# Hard shot?



## Spotnstalk (Jun 25, 2014)

What's the shot you hate the most? For me it's the high dove flying straight at me. I think these Texas dove has discovered that I miss that shot most the time


----------



## Fowlmouth (Oct 4, 2008)

A fast low flying left to right bird. :-(


----------



## Bret (Sep 7, 2007)

Chukar dropping off the hill!


----------



## Clarq (Jul 21, 2011)

Any long bird quartering away always gives me trouble. It's hard to figure out the proper lead.


----------



## fishreaper (Jan 2, 2014)

For any bird, probably left to right, but coming at an angle toward me. Or worse are the birds that come at you at a 45 degree angle, see you, then bolt back at about 90 degrees. I've seen dove do it too me all the time.


----------



## Spotnstalk (Jun 25, 2014)

Dove in my opinion are the hardest to shoot at times.

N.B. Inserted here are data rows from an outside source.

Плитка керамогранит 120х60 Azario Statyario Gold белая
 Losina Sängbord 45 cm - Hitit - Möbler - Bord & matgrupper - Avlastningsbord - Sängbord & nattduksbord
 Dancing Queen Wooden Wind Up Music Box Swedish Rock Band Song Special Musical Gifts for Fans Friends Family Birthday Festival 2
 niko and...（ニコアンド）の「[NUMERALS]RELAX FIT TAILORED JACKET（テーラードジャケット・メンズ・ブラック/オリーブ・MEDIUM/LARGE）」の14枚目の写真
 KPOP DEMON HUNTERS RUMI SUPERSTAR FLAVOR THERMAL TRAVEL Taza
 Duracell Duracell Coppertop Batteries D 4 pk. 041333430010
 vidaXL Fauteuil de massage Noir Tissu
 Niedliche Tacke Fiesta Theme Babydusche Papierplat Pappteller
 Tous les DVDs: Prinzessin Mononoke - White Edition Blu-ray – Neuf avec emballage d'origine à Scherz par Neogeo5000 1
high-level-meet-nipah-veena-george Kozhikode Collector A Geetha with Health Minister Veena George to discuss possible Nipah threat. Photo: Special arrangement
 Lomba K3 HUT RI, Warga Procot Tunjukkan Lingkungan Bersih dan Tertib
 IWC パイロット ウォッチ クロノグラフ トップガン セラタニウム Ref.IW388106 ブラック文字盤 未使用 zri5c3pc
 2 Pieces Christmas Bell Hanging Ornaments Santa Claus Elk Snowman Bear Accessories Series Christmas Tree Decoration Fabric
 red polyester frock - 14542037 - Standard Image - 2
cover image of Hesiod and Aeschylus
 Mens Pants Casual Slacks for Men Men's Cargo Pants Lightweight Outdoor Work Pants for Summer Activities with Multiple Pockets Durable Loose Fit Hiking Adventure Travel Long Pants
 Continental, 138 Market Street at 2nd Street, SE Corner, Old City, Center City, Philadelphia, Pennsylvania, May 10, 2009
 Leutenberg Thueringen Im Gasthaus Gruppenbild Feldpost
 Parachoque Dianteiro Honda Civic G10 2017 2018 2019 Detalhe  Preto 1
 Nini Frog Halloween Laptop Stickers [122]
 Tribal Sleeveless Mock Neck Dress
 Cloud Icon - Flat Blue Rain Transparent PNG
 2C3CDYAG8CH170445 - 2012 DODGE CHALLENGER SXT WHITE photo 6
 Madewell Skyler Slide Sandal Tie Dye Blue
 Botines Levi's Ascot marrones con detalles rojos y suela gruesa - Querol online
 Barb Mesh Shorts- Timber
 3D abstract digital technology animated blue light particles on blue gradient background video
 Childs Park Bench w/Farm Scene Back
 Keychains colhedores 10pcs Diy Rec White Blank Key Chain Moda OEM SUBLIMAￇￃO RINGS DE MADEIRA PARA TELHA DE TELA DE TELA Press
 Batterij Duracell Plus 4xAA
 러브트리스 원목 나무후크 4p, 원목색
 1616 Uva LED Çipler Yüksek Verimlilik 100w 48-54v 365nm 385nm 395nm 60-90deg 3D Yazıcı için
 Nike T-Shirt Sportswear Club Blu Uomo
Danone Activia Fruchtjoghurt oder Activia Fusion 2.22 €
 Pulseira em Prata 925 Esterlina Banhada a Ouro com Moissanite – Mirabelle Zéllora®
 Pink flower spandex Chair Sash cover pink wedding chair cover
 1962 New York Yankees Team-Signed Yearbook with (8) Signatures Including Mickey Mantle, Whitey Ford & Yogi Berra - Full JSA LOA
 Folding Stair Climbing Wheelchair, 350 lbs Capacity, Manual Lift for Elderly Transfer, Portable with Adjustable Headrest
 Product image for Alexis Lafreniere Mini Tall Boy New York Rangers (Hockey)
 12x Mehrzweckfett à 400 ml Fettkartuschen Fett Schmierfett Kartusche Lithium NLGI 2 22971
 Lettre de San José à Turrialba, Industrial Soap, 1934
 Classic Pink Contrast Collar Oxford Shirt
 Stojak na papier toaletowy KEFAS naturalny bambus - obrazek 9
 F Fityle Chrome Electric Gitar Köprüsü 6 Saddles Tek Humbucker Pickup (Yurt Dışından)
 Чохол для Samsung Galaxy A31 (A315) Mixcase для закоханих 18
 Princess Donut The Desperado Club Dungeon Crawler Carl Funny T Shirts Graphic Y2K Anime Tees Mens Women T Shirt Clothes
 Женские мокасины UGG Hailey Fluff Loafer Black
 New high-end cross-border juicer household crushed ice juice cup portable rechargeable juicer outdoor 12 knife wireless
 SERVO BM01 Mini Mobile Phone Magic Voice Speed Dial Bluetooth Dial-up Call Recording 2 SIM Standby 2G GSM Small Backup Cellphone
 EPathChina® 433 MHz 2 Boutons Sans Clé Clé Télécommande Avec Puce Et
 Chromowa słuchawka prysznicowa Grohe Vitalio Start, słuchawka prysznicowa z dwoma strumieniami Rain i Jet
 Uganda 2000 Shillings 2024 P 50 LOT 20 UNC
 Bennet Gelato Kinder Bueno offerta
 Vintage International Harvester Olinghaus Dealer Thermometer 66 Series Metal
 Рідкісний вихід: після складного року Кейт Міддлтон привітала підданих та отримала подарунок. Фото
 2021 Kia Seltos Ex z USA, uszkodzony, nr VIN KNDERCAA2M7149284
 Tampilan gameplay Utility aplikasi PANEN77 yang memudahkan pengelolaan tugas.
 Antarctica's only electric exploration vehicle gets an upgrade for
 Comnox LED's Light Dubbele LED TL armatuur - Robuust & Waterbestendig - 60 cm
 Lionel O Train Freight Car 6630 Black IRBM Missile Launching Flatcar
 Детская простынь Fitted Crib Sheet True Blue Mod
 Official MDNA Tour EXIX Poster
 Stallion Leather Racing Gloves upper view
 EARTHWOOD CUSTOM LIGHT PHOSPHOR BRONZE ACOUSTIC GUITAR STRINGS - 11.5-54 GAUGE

They can change directions in the blink of an eye


----------



## bamacpl (Jun 1, 2010)

Chukar dropping off a cliff while breathing hard, balancing on one foot on the tip of a sharp narrow ledge


----------



## outdoorser (Jan 14, 2013)

Any kind of bird flying away and up left to right


----------



## Bax* (Dec 14, 2008)

Any bird flying straight toward me. I finally learned to hold off on the shot until the bird either flied over and is heading away, or til he sees me and cuts to either side.

Straight on is sooo hard.


----------



## toasty (May 15, 2008)

Bax* said:


> Any bird flying straight toward me. I finally learned to hold off on the shot until the bird either flied over and is heading away, or til he sees me and cuts to either side.
> 
> Straight on is sooo hard.


Same here. A high bird flying towards me is the toughest for me to hit. It doesn't matter how many times I try, I rarely get the lead right, as soon as they pass me or I miss on my first shot and have a going away shot, I am a much better shot.


----------



## hawglips (Aug 23, 2013)

I seem to miss a crossing left to right shot more than others.


----------



## Critter (Mar 20, 2010)

I have always had trouble with the bird flying straight away from me at a low angle. Now if it is flying towards me the shot is a piece of cake.


----------



## outdoorser (Jan 14, 2013)

Its funny how all of us are different. Like I hear a lot of you saying you hate the high flying straight at you birds....I rarely have a problem with those!


----------



## manysteps (Sep 28, 2009)

Any dove I see from 200 yards away and watch it come in to me... I over think it, and miss that shot EVERY time.


----------



## Spotnstalk (Jun 25, 2014)

I have to let them pass me if coming straight at me and I haven't been able to set up in the field I'm hunting to allow them to do it. I'm backed up to trees so as they pass they are out of sight. Left to right or right to left or flying away don't matter I will smoke em but straight at me up high I lose them under the barrel I guess but I can't hit em 9 out of 10 times


----------



## Spotnstalk (Jun 25, 2014)

To me quartering away or the side to side shot is just like skeet range so it's easy seeing as how that's about the only practice I get here in east Texas. I think when I lived in Cali still and hunted quail and pheasant as well as dove I was a much better shot. I am also still getting acquainted with my new over/under so I should just blame it on the gun


----------



## hamernhonkers (Sep 28, 2007)

I can't think of any hard shot angles for me........................I do seem to have a lot of easy misses though :shock:


----------



## Spotnstalk (Jun 25, 2014)

Best answer yet hamer


----------



## utahgolf (Sep 8, 2007)

trying to shoot a crippled duck swimming away when they put their head down. I waste way too many shells attempting that. Hardest shot there is!


----------



## hoghunter011583 (Jul 21, 2008)

I seem to hit all the birds that I would think are hard and I miss clean on thos easy flaring birds over the decoys at 20 yards! Its like the dang things are floating over the decoys and I unload and hit nothing!! Then a Teal will buzz me out of nowhere and I spin around and hammer him... I guess I can't shoot for nothing and I just have to rely on luck


----------